» **TASK MATERIAL**

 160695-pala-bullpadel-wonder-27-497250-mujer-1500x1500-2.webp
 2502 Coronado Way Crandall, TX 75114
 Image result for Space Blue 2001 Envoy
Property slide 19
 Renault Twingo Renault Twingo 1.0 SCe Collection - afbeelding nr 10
...
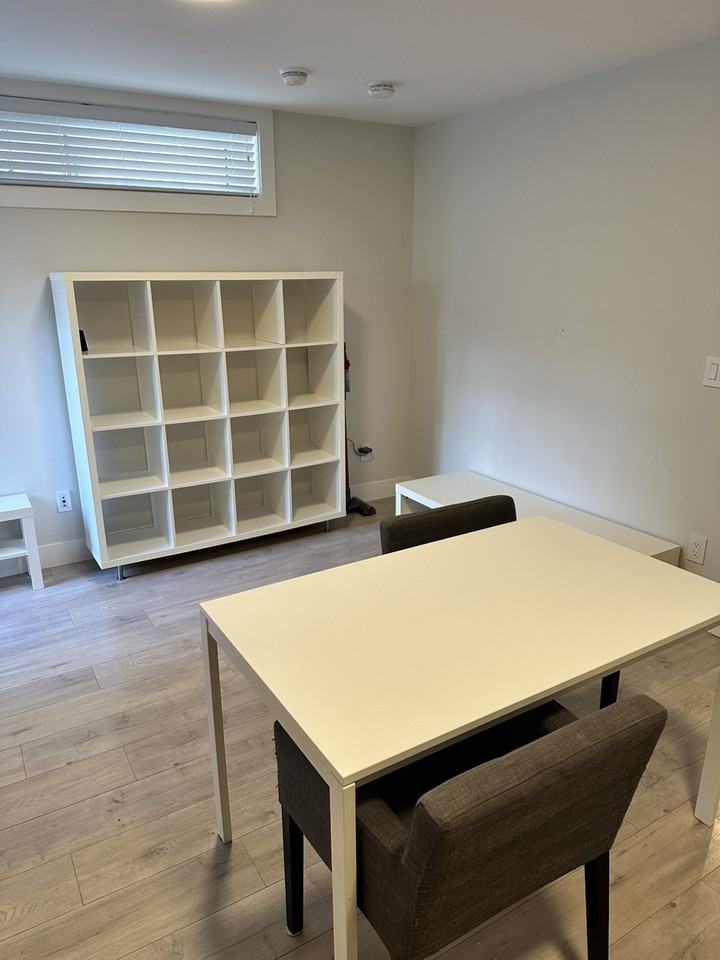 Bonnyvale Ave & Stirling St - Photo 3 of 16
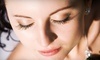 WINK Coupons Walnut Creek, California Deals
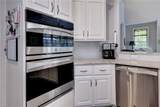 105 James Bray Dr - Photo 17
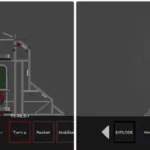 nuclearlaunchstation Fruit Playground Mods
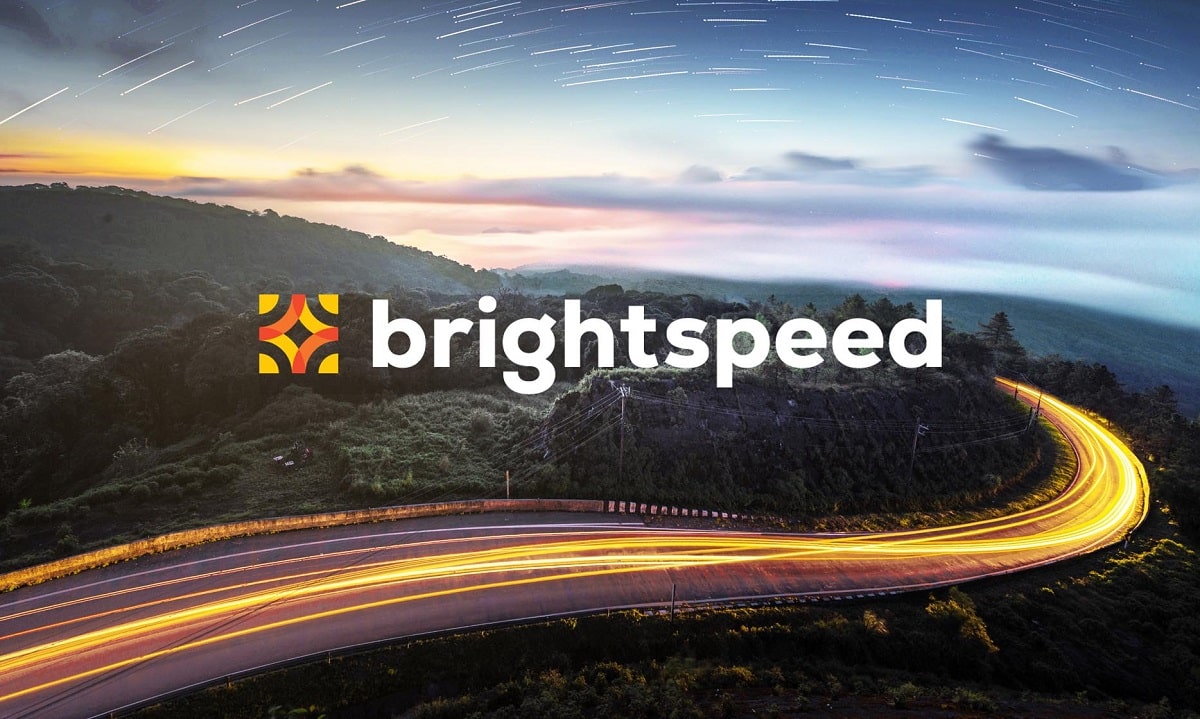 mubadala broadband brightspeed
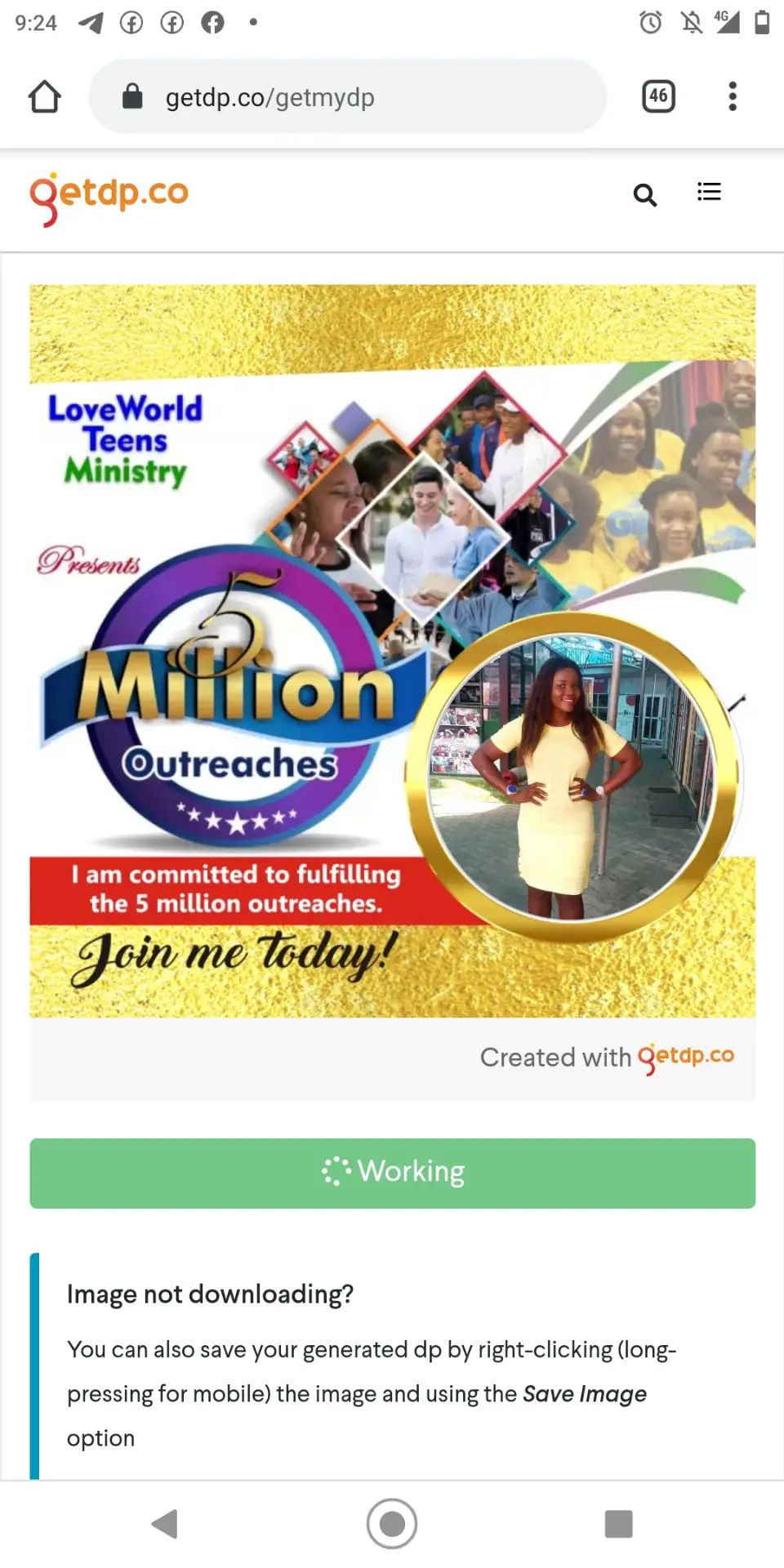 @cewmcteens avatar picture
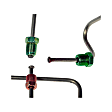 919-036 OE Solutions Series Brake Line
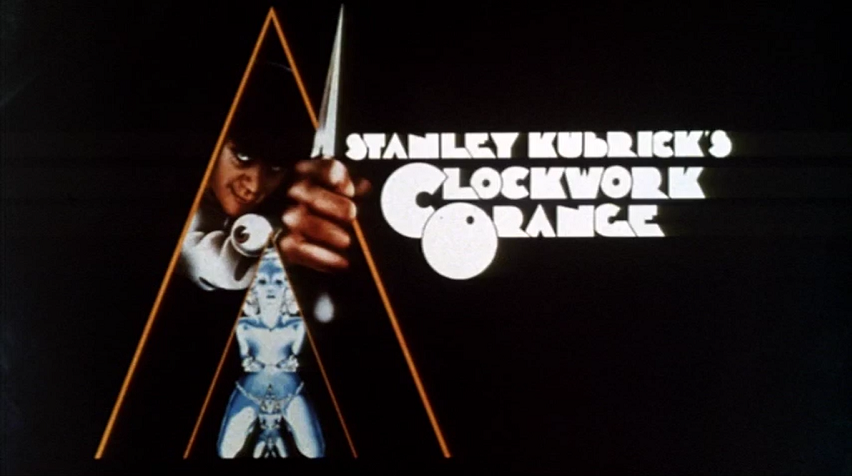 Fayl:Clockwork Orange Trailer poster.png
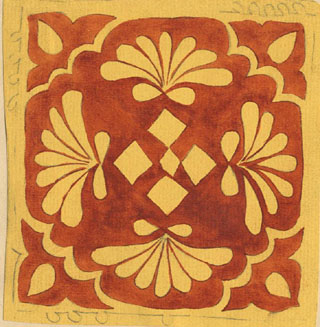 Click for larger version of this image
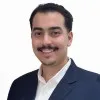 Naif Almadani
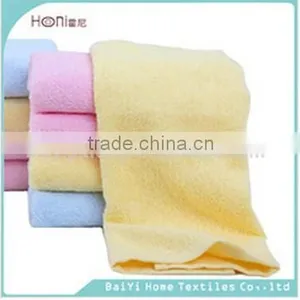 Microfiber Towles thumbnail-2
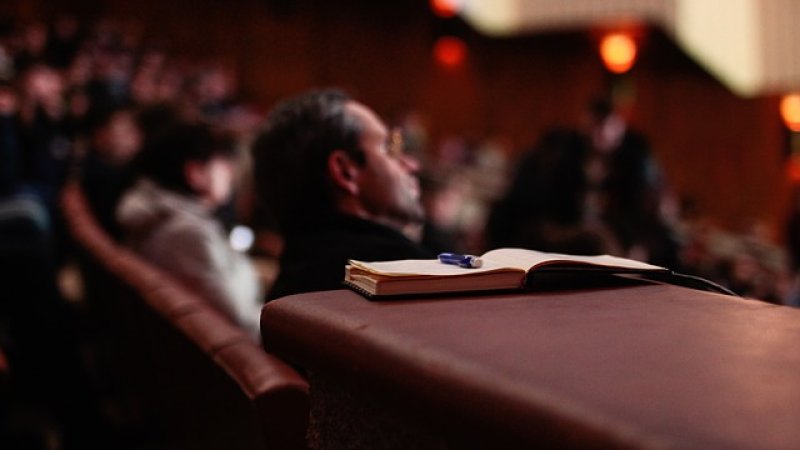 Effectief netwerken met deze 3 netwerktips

» **EXERCISE DETAILS**
Using the material above, transcribe exactly the lines from the one holding "WINK Coupons Walnut Creek, California Deals" to the one holding "Effectief netwerken met deze 3 netwerktips", both ends kept. Do not carry over any pictures.

» **RESULT**
 WINK Coupons Walnut Creek, California Deals
 105 James Bray Dr - Photo 17
 nuclearlaunchstation Fruit Playground Mods
 mubadala broadband brightspeed
 @cewmcteens avatar picture
 919-036 OE Solutions Series Brake Line
 Fayl:Clockwork Orange Trailer poster.png
 Click for larger version of this image
 Naif Almadani
 Microfiber Towles thumbnail-2
 Effectief netwerken met deze 3 netwerktips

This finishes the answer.